There’s nothing quite like a sewer backup to make the project job one. There’s no picking the timing of this most disgusting development. It happens when it happens. The insurance company has provided an adjuster and a contractor who will be doing the ripping up of flooring and assessment of drywall/paneling damage. So far they’ve supplied a 40 x 8 foot container to house our stuff during the cleanup and reconstruction. They also brought in dehumidifiers to help with the drying out process and to reduce the likelihood of mildew. The fact they sound like small airplanes and run day and night is just a bonus!
The only good thing about the timing of this fiasco is that it coincides with Hilary’s move to her very first apartment just off trendy Whyte Avenue. The vintage chrome kitchen suite I found in a Hairy Hill antique shop 4 years ago will now finally be gone. The housewares we’ve collected and grad gifts she received will now be unpacked in Hilary’s new pad.
She/we have been forced to purge. She’s parting with purses(!!!), shoes, and clothing that no longer serve her needs. I’m parting with paper.
So between drop-offs at charity shops and an upcoming garage sale we’ll be able to give the better items second life. The damaged and oh-so-bad have ended up at the landfill.

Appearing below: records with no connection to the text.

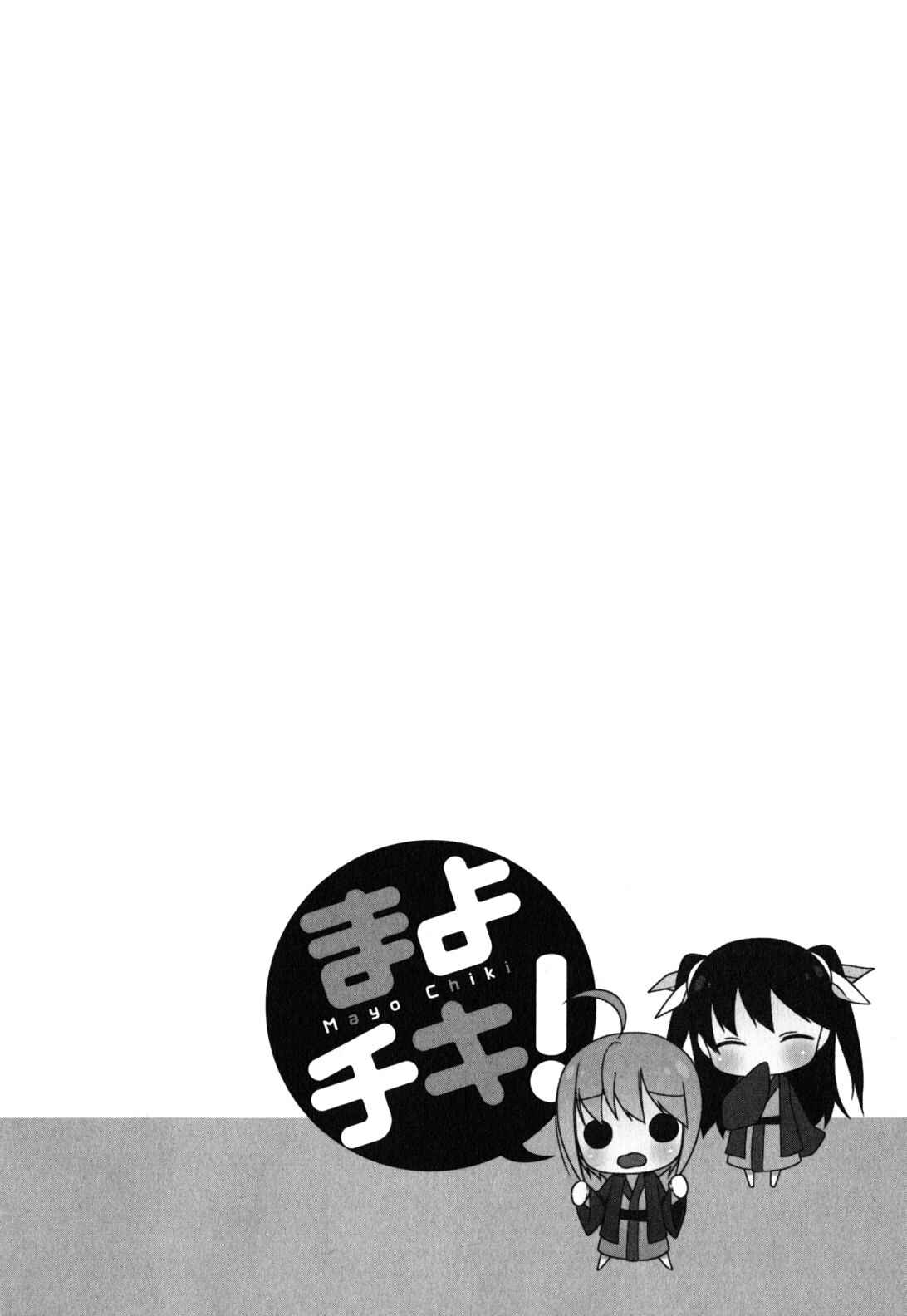 Page 42 Chapter 11 Mayo Chiki!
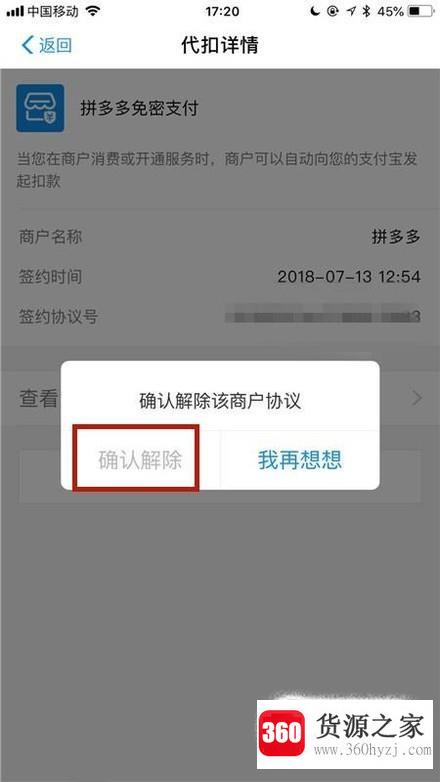 支付宝怎么取消第三方app预授权免密支付代扣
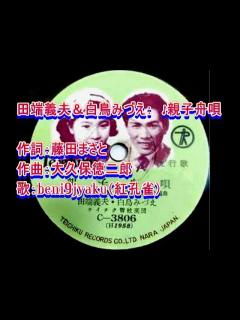 [x]田端義夫＆白鳥みづえ： ♪親子舟唄 歌：beni9jyaku（紅孔雀） - YouTube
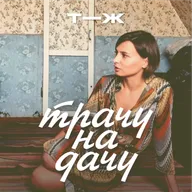 3. Ищем дачу сами. Смотрим объявления, звоним риелторам, катаемся на электричках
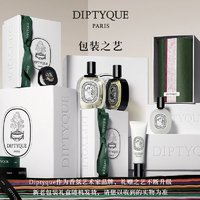 DIPTYQUE 杜桑肌肤之花发香喷雾系列30ml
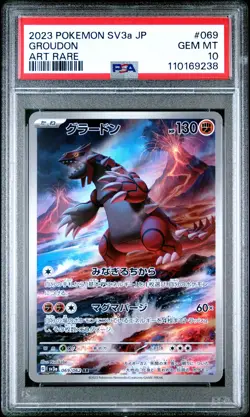PSA 10 Groudon 069/062 Sv3a-raging Surf AR Art Rare Japanese POKEMON - Image 1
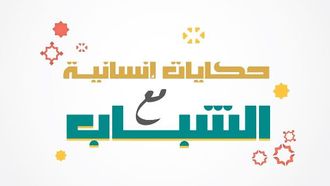 Elders' Five Social Media Events In Ramadan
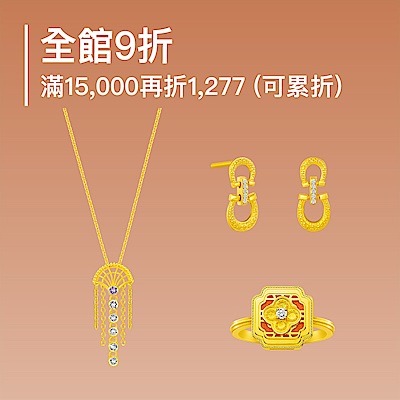 鎮金店 黃金鑽飾▼9折滿額再折1277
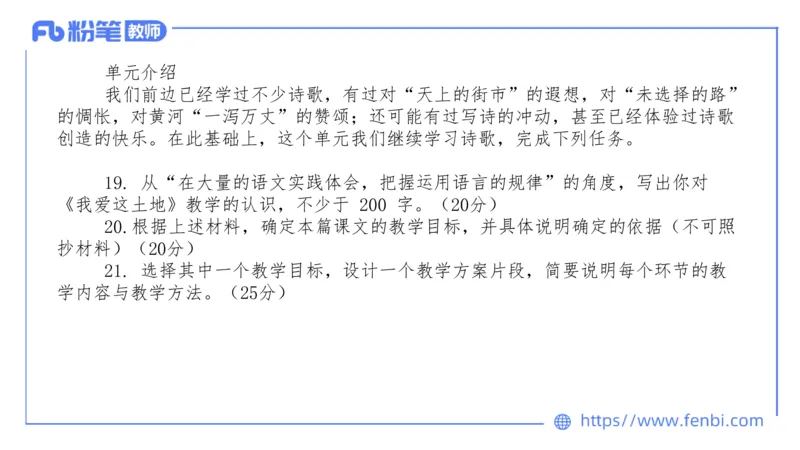 7.7-中学科目&mdash;全真模拟-初中2-乐多_4-教培资料-26年最新资料-同步更新_科一科二电子资料合集中小幼（笔记真题知识点汇总等）文件多，按需保存_各机构笔记合集（中小幼）推荐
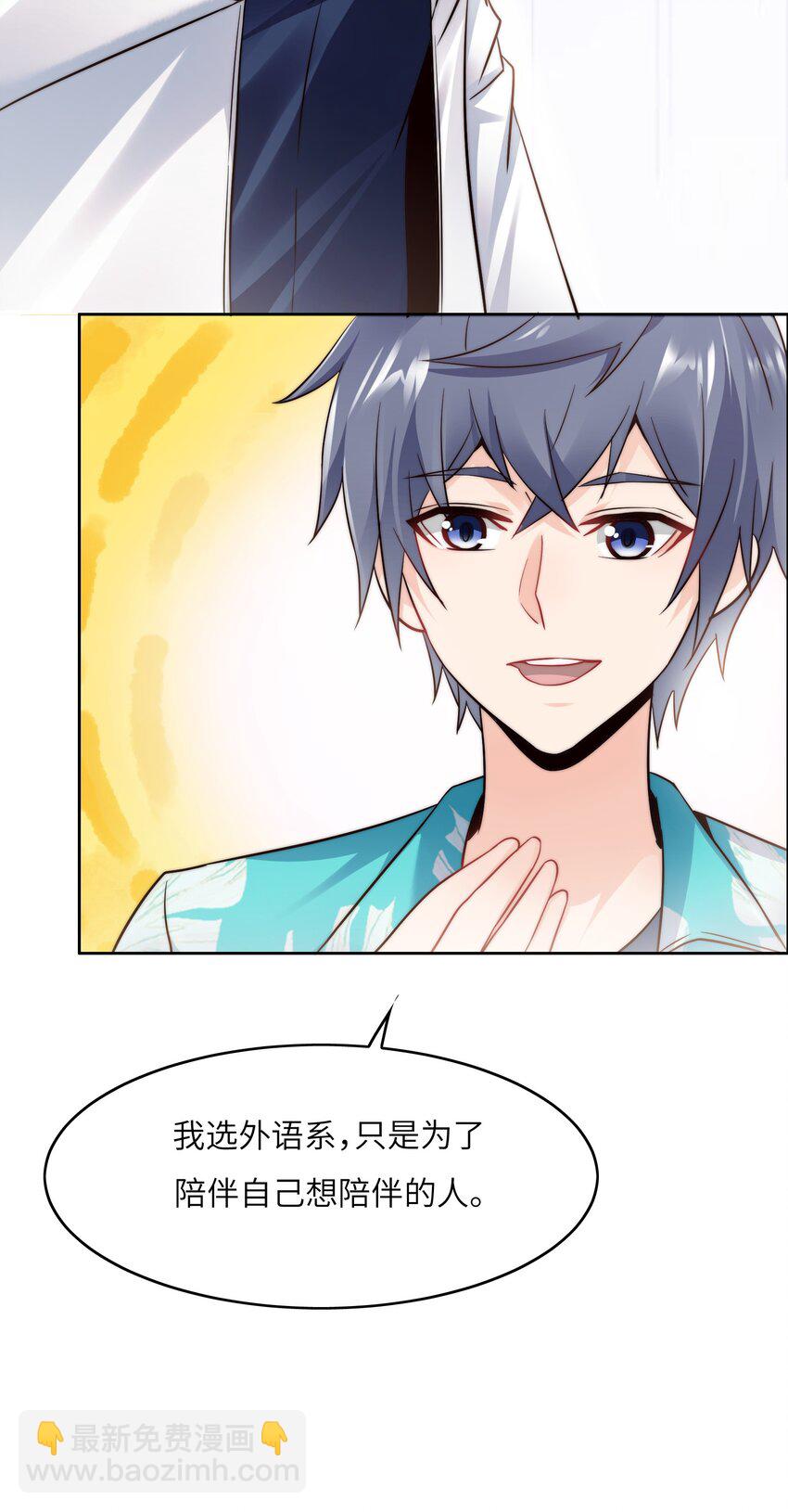 025 火眼金睛-第25话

What remains will be what we choose to keep–those things that make the cut based on our tastes and needs at this point in our life.

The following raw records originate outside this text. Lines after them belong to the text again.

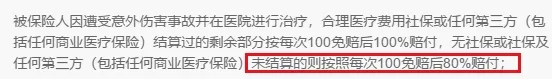 父母意外險(xiǎn)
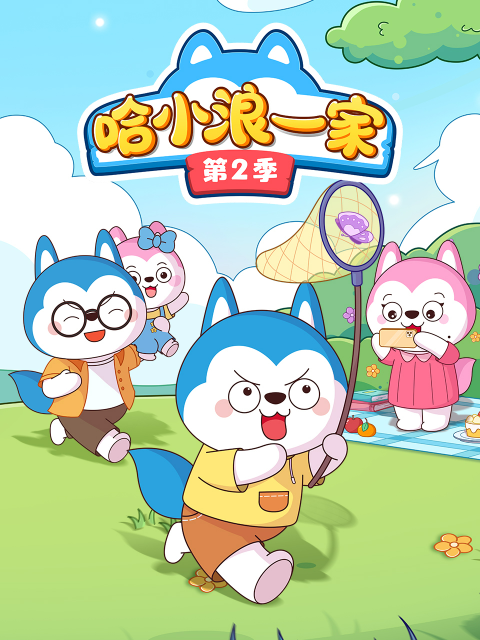 哈小浪一家 第二季封面图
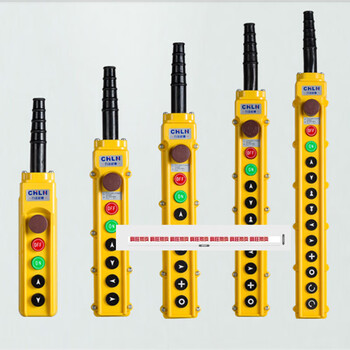 Yue changsheng cob-62 63 64 65 66hb driving switch waterproof lifting button handle with emergency stop cob-6 cob-63hb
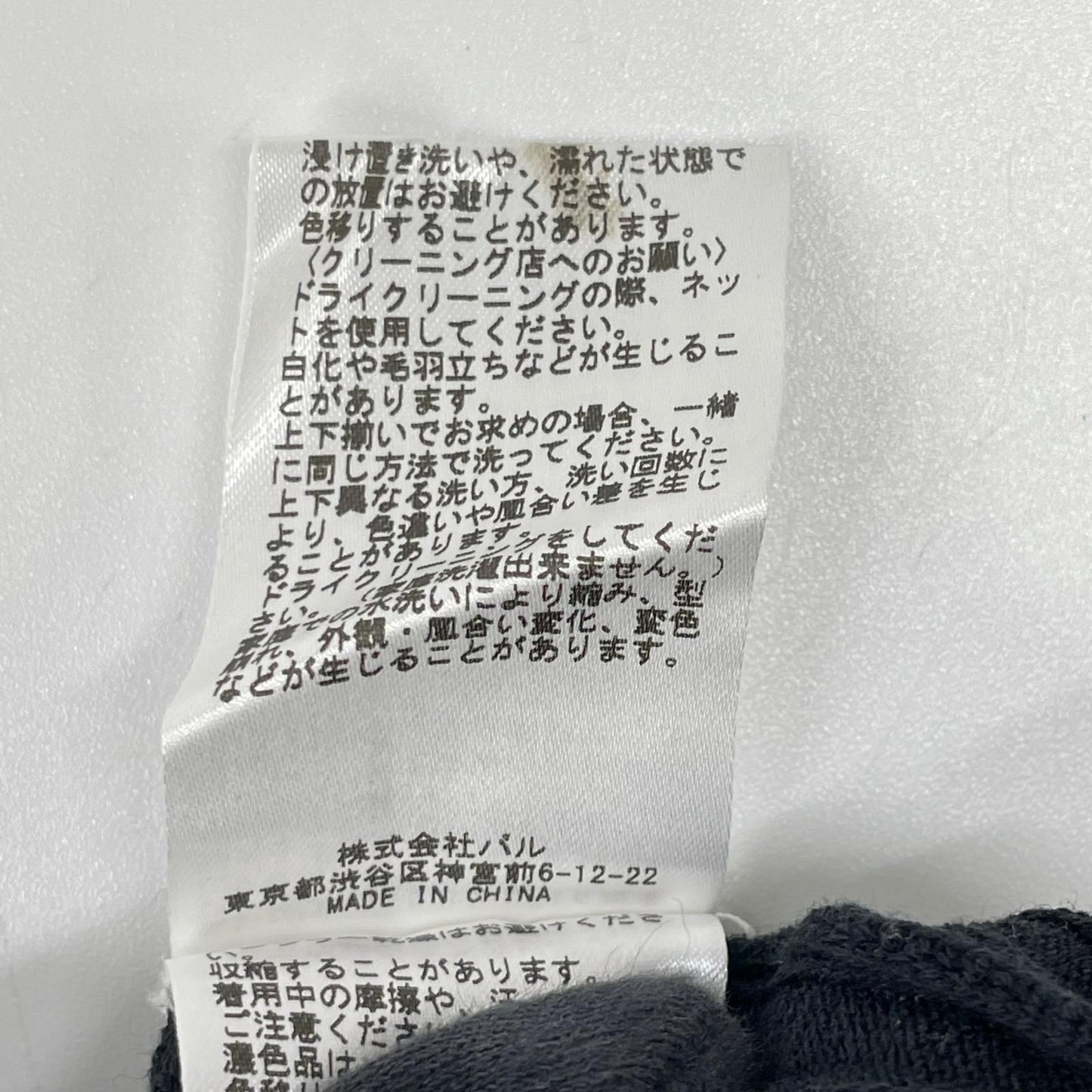 Whim Gazette ウィムガゼット WGZ1081610A0001 ブラック リブニット トップス スカートセット スーツ セットアップ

This cleanup, which is not yet complete, has been a pain in the butt. But it’s also been priceless. How else would I have stumbled across a little notebook that Greg kept in which he lists: My Family, kind of bike (BMX 500 Constrictor), my savings ($203 for Disneyland and $10 for hockey school in Bonn(i)ville, my teacher (Sarwin Sihota), an inventory of John Deere things (including among others combines, front end loader and weedeater), tapes I have, a breakdown of the 1987-88 Andrew PeeWee Aces hockey team, my favorite 20 wrestlers, favorite rock bands, good NHL forwards (Gretzky didn’t make the top 7), good defencemen, good goalies and more.
Only during Operation Cleanup do you find treasures like this. It’s worth it from where I sit.